La tesi del ricorrente si fondava sulla natura stragiudiziale dell’accordo, che avrebbe richiesto un mandato speciale di cui il difensore non era munito. I giudici di merito rigettavano il ricorso e il contribuente proponeva ricorso per cassazione sulla base di due motivi.
La Motivazione della Corte
La Corte di cassazione ha trattato congiuntamente i due motivi di ricorso, entrambi incentrati sulla definizione e sulla regolarità della conciliazione presupposta all’intimazione di pagamento. Con il primo motivo, il ricorrente lamentava la violazione degli artt. 83 e 84 cod. proc. civ. e degli artt. 44 e 48 d.lgs. n. 546/1992, per essere stata qualificata come giudiziale una conciliazione che egli riteneva stragiudiziale. Con il secondo, deduceva la violazione dell’art. 48 d.lgs. n. 546/1992, per essere stata ritenuta perfezionata la conciliazione sottoscritta dal solo difensore.

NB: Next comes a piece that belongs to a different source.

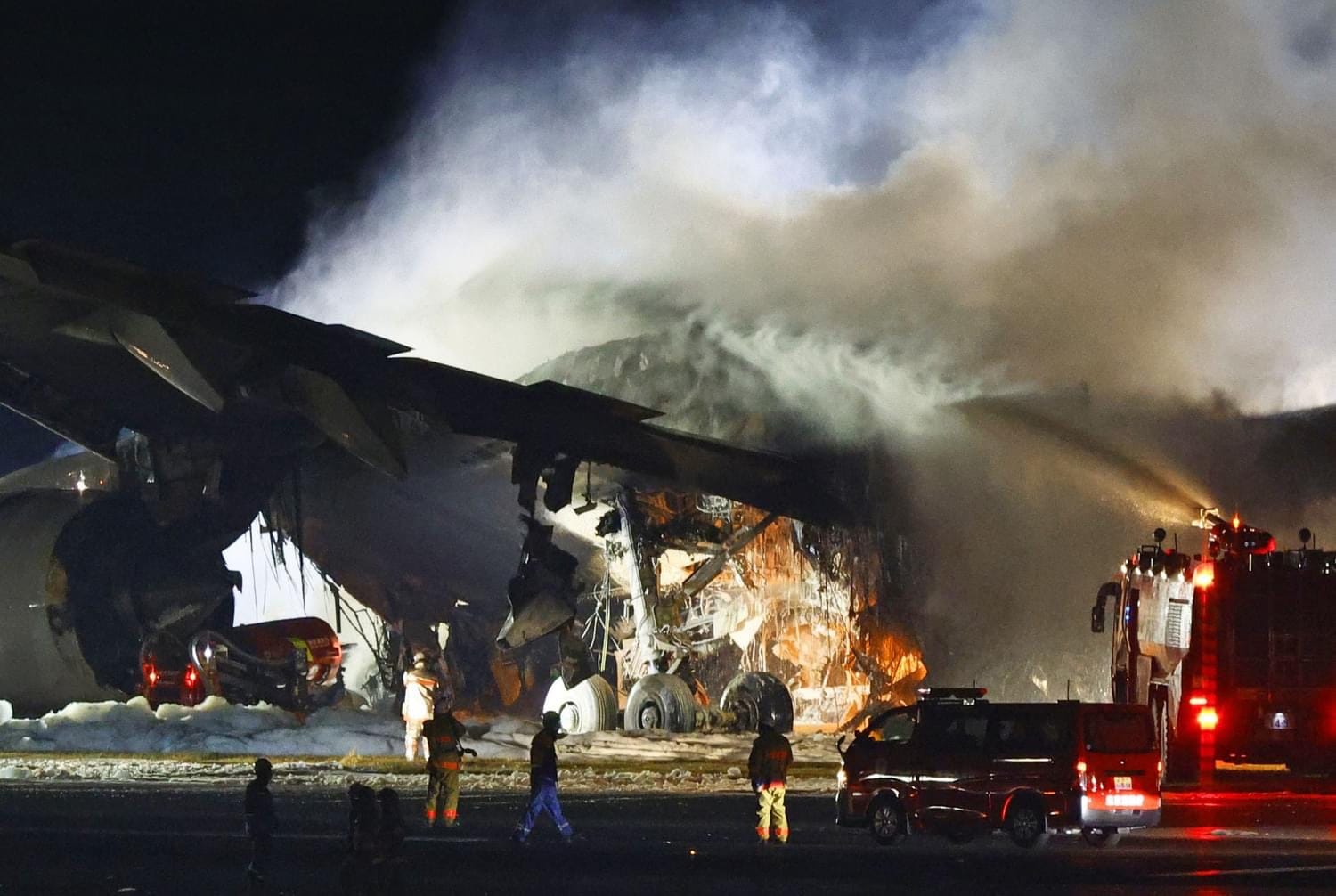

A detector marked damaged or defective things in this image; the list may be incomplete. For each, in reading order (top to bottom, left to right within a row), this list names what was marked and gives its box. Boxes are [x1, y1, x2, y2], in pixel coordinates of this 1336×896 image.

burnt aircraft door [914, 710, 999, 833]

Nel rigettare le censure, la Corte ha preliminarmente rilevato che la sentenza impugnata aveva accertato, con un giudizio fattuale sottratto al sindacato di legittimità, che l’accordo conciliativo era intervenuto nel corso del giudizio ad opera del difensore munito del potere di conciliare la lite. Tale espressione, come già ritenuto dal giudice di primo grado, non è generica ma possiede un significato tecnico specifico.
La Suprema Corte ha quindi chiarito che, nella parte in cui sollecitano una rivisitazione dell’apprezzamento di merito, i motivi sono inammissibili. Ha richiamato il principio per cui è inammissibile il ricorso che, sotto l’apparente deduzione del vizio di violazione di legge, miri in realtà a una rivalutazione dei fatti storici operata dal giudice di merito, come ribadito dalle Sezioni Unite n. 34476 del 2019.

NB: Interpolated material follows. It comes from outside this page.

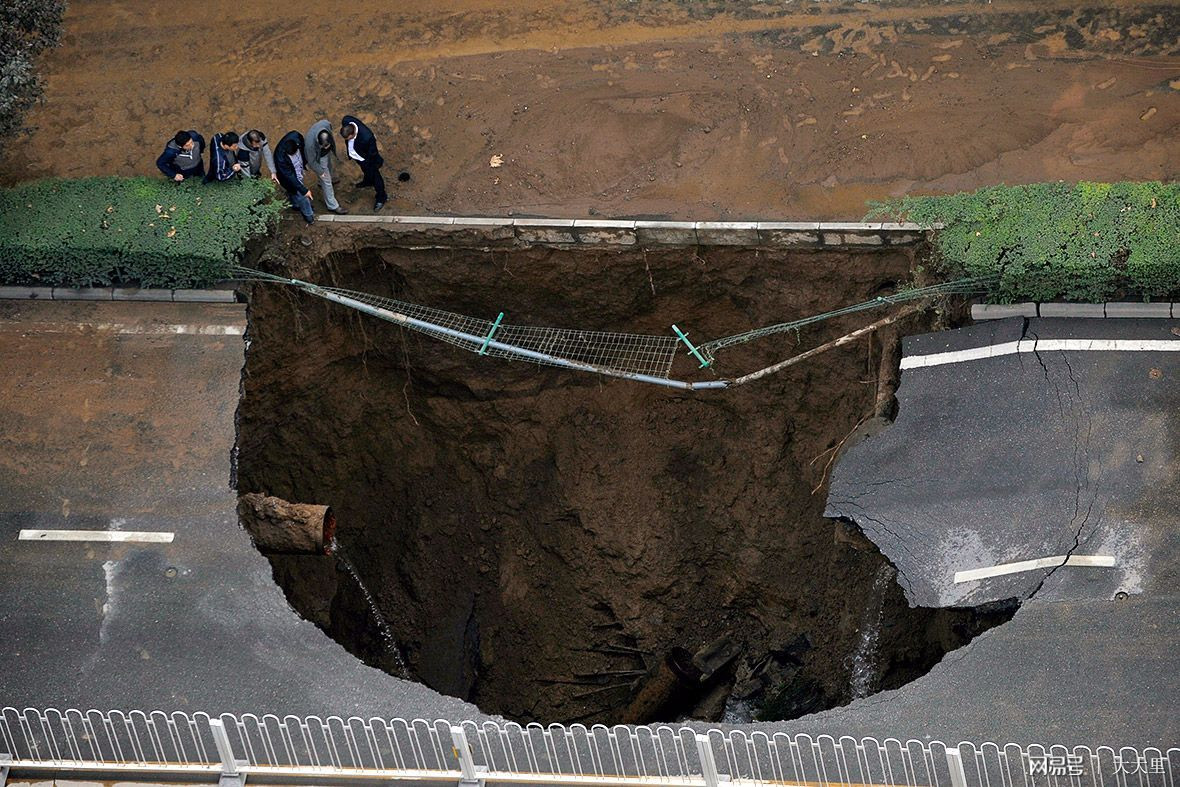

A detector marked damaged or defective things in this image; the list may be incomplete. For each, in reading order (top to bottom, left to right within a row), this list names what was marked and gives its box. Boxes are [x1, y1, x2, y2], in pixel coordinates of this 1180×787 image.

Alla luce di tali considerazioni, la Corte ha concluso per l’infondatezza dei motivi, non rinvenendosi la necessità di un mandato speciale ulteriore e diverso rispetto a quello conferito al difensore. Il ricorso è stato pertanto rigettato, con condanna del ricorrente alla rifusione delle spese processuali e dichiarazione della sussistenza dei presupposti per il versamento del contributo unificato.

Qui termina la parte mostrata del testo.